### Task description
In the entries below, begin at the line with "Poor Rudy Giuliani BEGS Trump For Cash" and stop after the line with "Buy Reformation Pink"; output those lines exactly and omit the pictures.

### The data
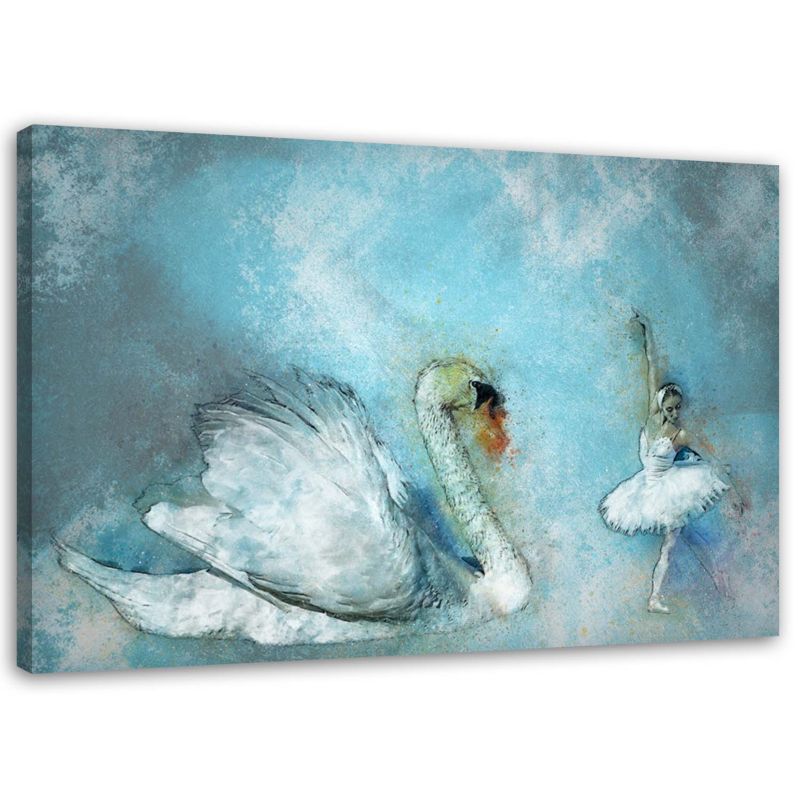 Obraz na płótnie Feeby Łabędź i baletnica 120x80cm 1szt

--

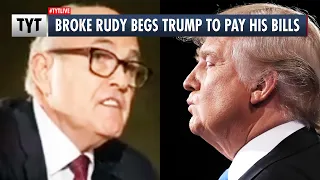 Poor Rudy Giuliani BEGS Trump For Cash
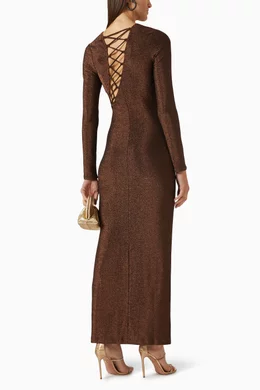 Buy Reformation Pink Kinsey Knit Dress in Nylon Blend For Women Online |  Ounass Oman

==

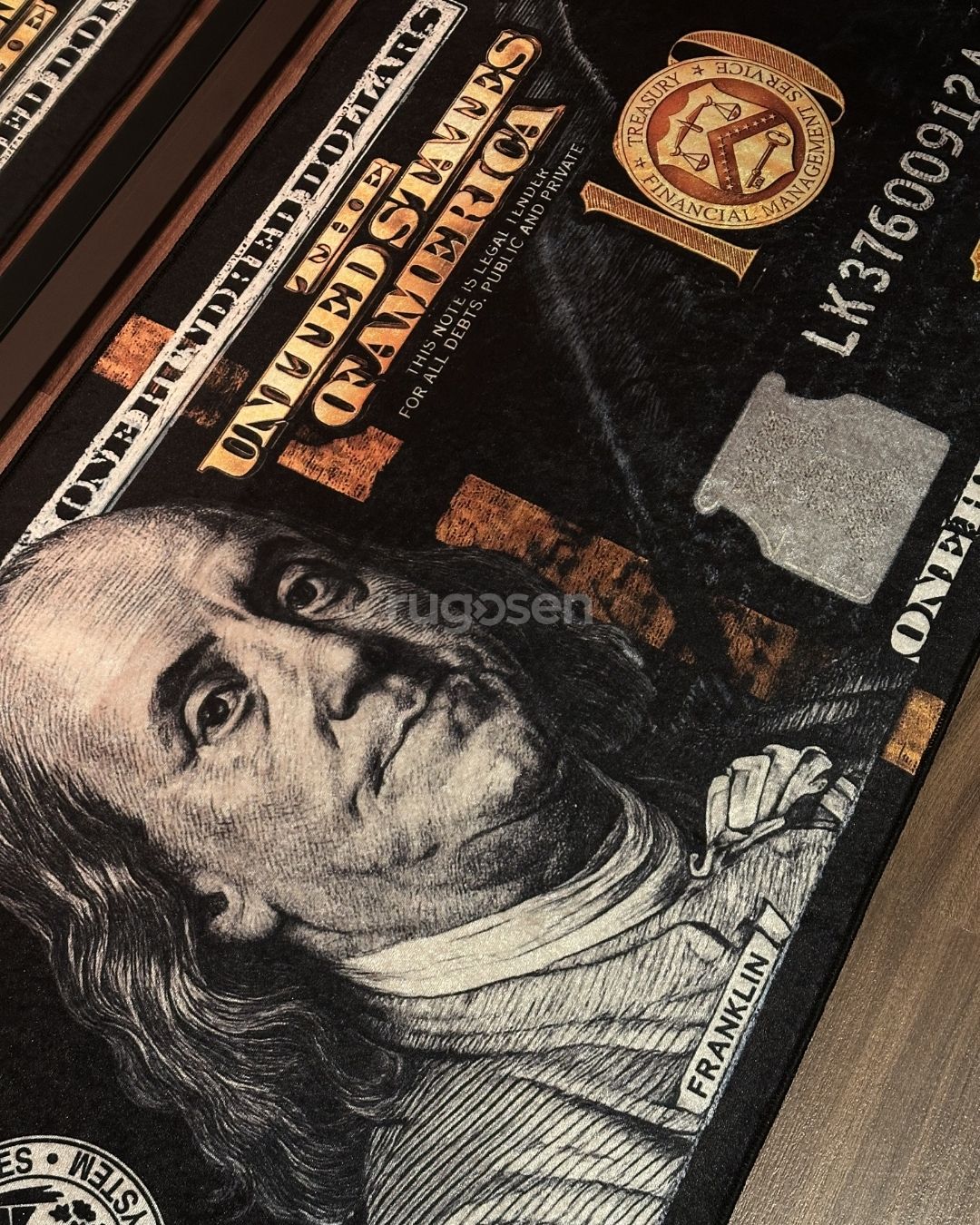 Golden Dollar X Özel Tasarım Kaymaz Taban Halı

### Completed exercise
 Poor Rudy Giuliani BEGS Trump For Cash
 Buy Reformation Pink Kinsey Knit Dress in Nylon Blend For Women Online |  Ounass Oman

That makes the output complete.